Problem statement
Please show every line in the entries below that includes the word "image".

Material supplied
- - - - - - -
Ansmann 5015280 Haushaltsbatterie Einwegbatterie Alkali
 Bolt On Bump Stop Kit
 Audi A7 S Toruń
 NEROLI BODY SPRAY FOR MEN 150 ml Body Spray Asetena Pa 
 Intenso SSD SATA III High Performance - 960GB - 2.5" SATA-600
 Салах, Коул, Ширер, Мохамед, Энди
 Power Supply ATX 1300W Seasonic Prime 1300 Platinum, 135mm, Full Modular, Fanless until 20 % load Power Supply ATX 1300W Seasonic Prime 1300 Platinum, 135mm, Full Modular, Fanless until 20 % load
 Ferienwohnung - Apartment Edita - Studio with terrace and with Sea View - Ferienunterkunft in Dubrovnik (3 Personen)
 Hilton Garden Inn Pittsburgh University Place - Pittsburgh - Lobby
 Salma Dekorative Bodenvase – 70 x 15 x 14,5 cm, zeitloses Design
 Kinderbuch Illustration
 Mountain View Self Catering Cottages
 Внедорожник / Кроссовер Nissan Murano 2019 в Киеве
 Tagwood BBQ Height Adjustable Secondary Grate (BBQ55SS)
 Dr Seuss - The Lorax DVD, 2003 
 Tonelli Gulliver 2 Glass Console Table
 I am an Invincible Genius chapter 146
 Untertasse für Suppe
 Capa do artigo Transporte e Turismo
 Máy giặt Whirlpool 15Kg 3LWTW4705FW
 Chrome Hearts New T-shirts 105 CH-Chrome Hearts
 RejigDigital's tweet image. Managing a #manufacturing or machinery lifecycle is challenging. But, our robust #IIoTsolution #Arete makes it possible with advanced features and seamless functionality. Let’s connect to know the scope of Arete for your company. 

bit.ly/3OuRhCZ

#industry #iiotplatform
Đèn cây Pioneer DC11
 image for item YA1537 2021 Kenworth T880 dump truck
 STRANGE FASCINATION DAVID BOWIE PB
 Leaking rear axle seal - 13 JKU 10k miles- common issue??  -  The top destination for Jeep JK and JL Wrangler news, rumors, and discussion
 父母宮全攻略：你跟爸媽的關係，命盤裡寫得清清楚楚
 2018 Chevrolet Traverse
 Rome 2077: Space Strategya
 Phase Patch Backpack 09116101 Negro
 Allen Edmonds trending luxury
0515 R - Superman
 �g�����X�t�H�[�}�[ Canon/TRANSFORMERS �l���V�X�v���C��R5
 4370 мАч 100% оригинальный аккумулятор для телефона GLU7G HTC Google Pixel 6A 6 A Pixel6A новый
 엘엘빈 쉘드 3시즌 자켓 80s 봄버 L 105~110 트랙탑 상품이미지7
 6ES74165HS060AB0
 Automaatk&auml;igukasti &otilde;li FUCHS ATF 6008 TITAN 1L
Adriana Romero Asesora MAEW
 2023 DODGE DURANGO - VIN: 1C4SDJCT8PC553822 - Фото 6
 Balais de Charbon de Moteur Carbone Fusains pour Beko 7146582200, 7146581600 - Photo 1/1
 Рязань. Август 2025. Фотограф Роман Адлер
- - - - - - -
Answer space
 RejigDigital's tweet image. Managing a #manufacturing or machinery lifecycle is challenging. But, our robust #IIoTsolution #Arete makes it possible with advanced features and seamless functionality. Let’s connect to know the scope of Arete for your company. 
 image for item YA1537 2021 Kenworth T880 dump truck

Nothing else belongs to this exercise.